You can ask your friends and family members for their input as well but avoid asking them directly what they would search for and try to get them in front of a computer and ask them to search for your shop or products. Monitor what look for and the links they click. This information can provide some great insights into what an average user would search for.
Free Tools To Expand Your List
Once you are done with some initial brainstorming, you may now consider a few tools to help expand your list – Google’s own suggestion feature. To see some good suggestions, just do a Google search and scroll to the bottom of the page and look at the related suggestions.
Another great tool to help you with your brainstorming is Übersuggest. It scrapes Google for suggestion keywords by taking your keyword and adding every letter of the alphabet from A to Z, and capturing the most frequently searched permutations.
Remember, don’t forget to consider keyword modifiers like “where can i” or “what to” etc. For example, someone may not be looking necessarily for “skateboard accessories” rather they may be looking for “how to build a good skateboard”.

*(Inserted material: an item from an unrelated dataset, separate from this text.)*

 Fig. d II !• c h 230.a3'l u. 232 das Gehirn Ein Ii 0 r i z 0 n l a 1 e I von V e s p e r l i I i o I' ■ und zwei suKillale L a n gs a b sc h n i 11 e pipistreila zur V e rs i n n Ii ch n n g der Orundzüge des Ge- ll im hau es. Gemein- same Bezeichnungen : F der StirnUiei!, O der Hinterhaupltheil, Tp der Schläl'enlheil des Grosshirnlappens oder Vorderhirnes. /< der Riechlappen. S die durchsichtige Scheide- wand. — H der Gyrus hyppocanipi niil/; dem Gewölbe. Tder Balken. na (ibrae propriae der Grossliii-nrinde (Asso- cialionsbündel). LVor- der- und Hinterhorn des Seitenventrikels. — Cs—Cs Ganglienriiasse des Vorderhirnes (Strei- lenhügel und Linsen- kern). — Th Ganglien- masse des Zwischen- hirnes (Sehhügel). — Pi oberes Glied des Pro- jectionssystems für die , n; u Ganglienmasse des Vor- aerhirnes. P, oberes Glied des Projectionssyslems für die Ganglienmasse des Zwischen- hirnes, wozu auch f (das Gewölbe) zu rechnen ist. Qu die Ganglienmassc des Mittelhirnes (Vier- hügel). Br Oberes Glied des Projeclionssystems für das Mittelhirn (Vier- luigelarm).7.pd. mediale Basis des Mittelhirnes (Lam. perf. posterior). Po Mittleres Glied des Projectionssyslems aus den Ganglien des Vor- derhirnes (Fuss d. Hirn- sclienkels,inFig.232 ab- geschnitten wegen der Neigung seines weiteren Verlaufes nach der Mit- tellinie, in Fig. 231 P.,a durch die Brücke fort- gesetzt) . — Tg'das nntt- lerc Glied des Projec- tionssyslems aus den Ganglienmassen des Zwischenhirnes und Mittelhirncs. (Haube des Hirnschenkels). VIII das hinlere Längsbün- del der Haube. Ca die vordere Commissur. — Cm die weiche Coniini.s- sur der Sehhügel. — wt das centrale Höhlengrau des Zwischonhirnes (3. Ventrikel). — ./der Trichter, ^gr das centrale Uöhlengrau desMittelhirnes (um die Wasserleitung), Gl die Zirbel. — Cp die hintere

Keyword Research Using The Google Keyword Tool
Now that you have your initial list of brainstormed keywords, you can now use these keywords to find more valuable keywords Google’s Keyword Planner Tool. This tool will allow you to search for keywords, determine how many searches are being made for that term per month, and how much competition there is competing for it, as well as related search terms.
The related search terms are crucial because it will provide you with other keywords that are similar but may have a greater number of searches per month, lesser competition, or a combination of both.
For you to be able to use the Google Keyword Planner Tool, you’ll need a Google Adwords account which is free and only takes a few minutes to sign-up.
Once you have a Google Adwords account, you’ll need to login to your account, select Tools from the menu at the top, and then select Keyword Planner.
On the main screen, click Search for new keyword and ad group ideas.
Next step is to enter the keywords you’ve brainstormed, either one at a time, or a few at a time by separating each keyword with a comma. I’d recommend starting with one at a time to make it a lot easier.
Make sure to double check your settings under Targeting so that you’re viewing search information that is relevant to you. For example, if you’re based and ship to the USA only, you should be looking at information results for the USA only.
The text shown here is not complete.